How Is It Possible to Estimate the Relative Age of Fossils?
How Is It Possible to Estimate the Relative Age of Fossils? It is possible to estimate the relative age of fossils, that is whether they came before or after a particular period, because most fossils are found in sedimentary rocks. These are rocks made of sediment which has been compressed or cemented together in layers.
Older rock layers, or strata, are usually at the bottom. So each layer is younger than the layer below it and older than the one above. Fossils may be present in igneous rock (hardened volcanic lava’s) and metamorphic rocks (formed by pressure and heat within the earth) but they are usually destroyed.
Telling the age of fossils in terms of years, or absolute time, is a much bigger problem. But scientists use several methods. The tree ring method, counting annual growth rings, can give a scientist a reasonably accurate date back to about 3,000 years ago.
The varve method, based on counting the annual layers of sand and clay deposited in a lake, bay or river by melting glaciers can be used for deposits less than about 15,000 years old. Similar calculations based on the rate of sedimentation, erosion, salt accumulation etc., have been successfully applied to very much older rocks.
The third method is concerned with radioactive decomposition and is based on actual changes in some of the rock elements or in the fossils themselves.
Radioactive uranium gradually changes to uranium lead, radiocarbon to nitrogen and so on. From the proportion of uranium lead to uranium in the rock we can date the oldest rocks and fossils, nearly 3,000 million years old.

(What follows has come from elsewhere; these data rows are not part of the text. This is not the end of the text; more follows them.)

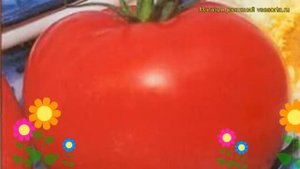 Томат обыкновенный Ладушка. Краткий обзор, описание характеристик Ladushka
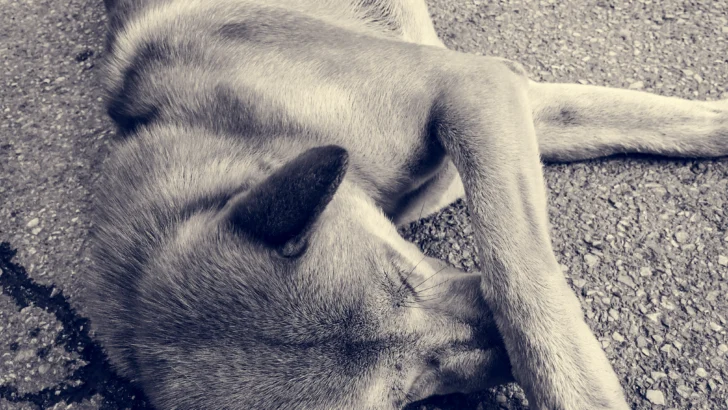 ¿Consideras que las penas para el maltrato animal deben ser más severas?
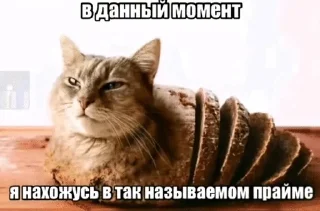 Sticker from Мята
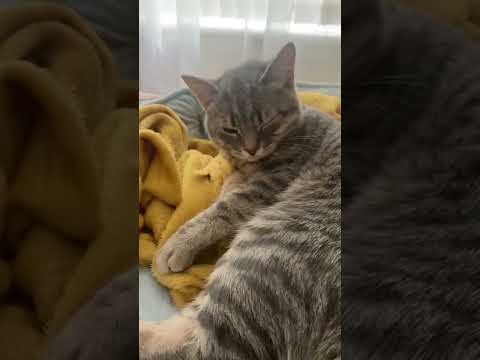 Sleeping Grey Cat Sneezes And Wakes Itself Up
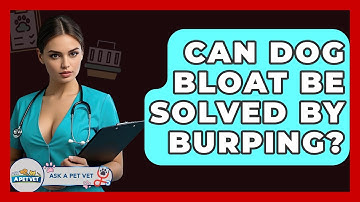 Can Dog Bloat Be Solved By Burping? - Ask A Pet Vet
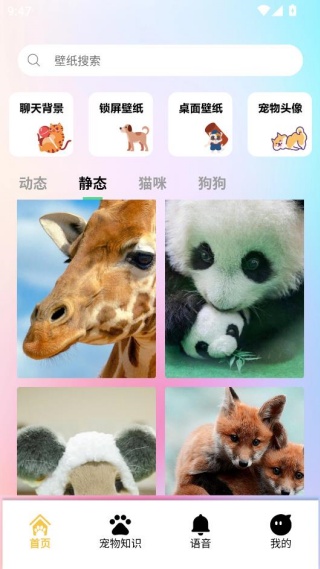 桌面宠物壁纸app下载安装 桌面宠物壁纸app下载安装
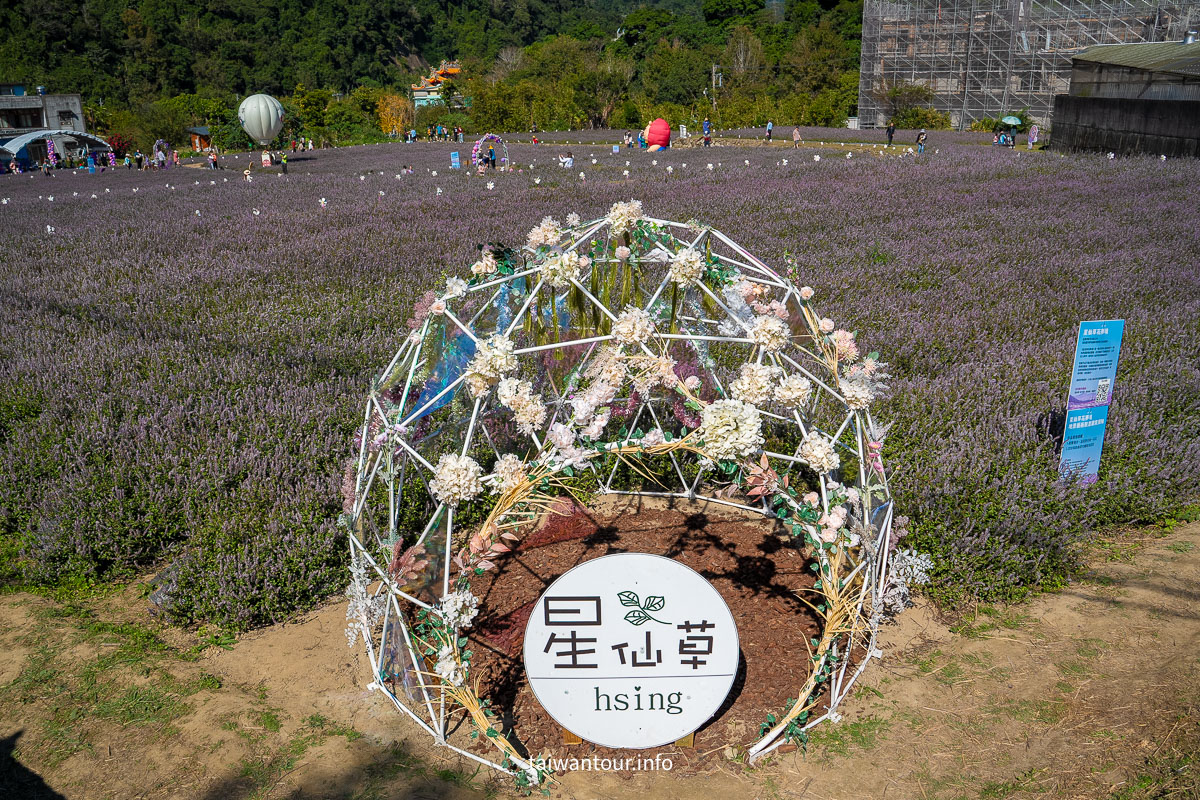 【2025苗栗縣獅潭鄉仙草花節】獅潭花饗宴景點推薦交通.活動介紹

Paleontology seeks to map out how life evolved across geologic time. A substantial hurdle is the difficulty of working out fossil ages. Beds that preserve fossils typically lack the radioactive elements needed for radiometric dating. This technique is our only means of giving rocks greater than about 50 million years old an absolute age, and can be accurate to within 0.5% or better.

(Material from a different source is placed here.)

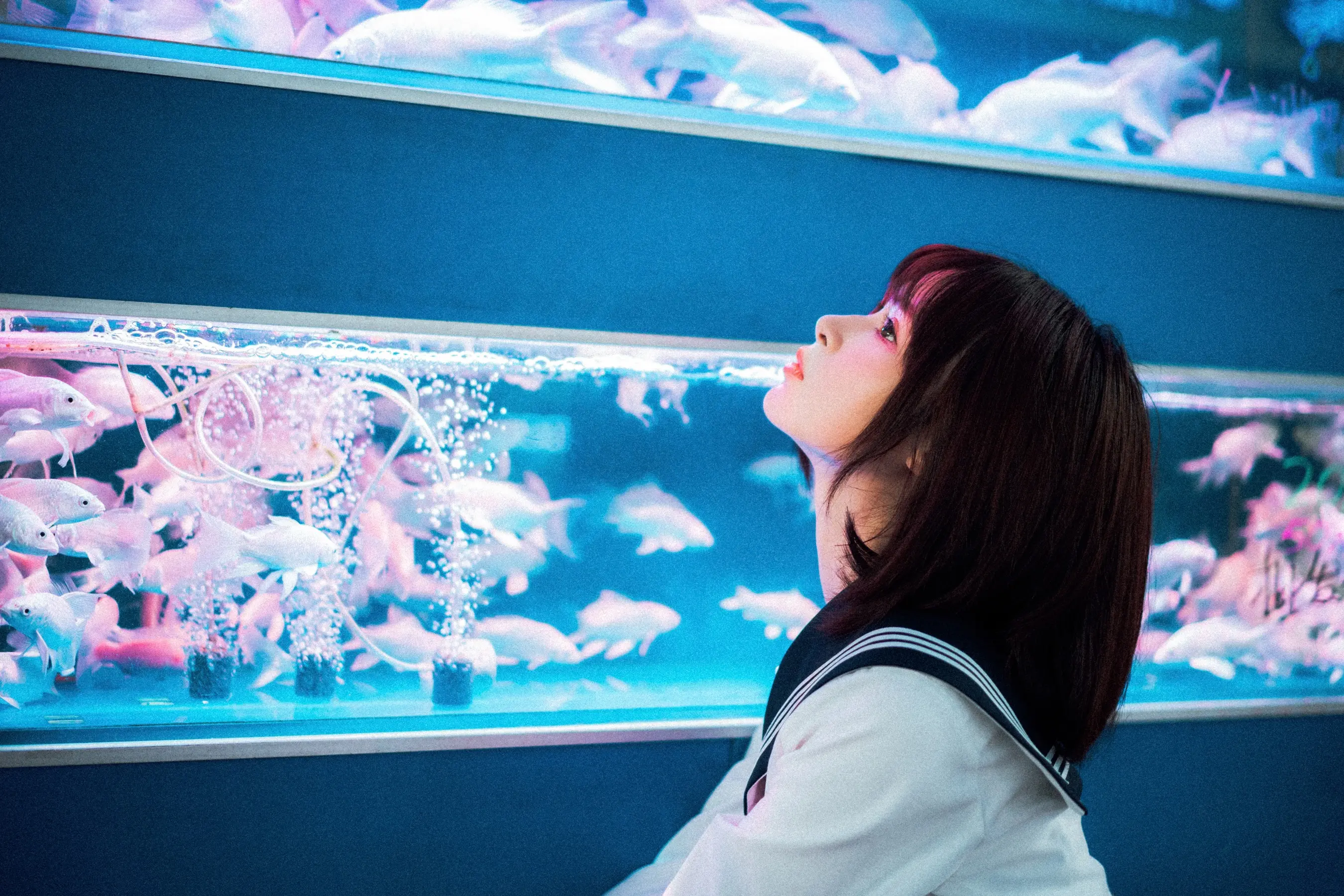 河豚抚子 金鱼JK[25P] [26P]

Although radiometric dating requires careful laboratory work, its basic principle is simple: the rates at which various radioactive elements decay are known, and so the ratio of the radioactive element to its decay products shows how long ago the radioactive element was incorporated into the rock. Radioactive elements are common only in rocks with a volcanic origin, and so the only fossil-bearing rocks that can be dated radio-metrically are volcanic ash layers, which may provide termini for the intervening sediments.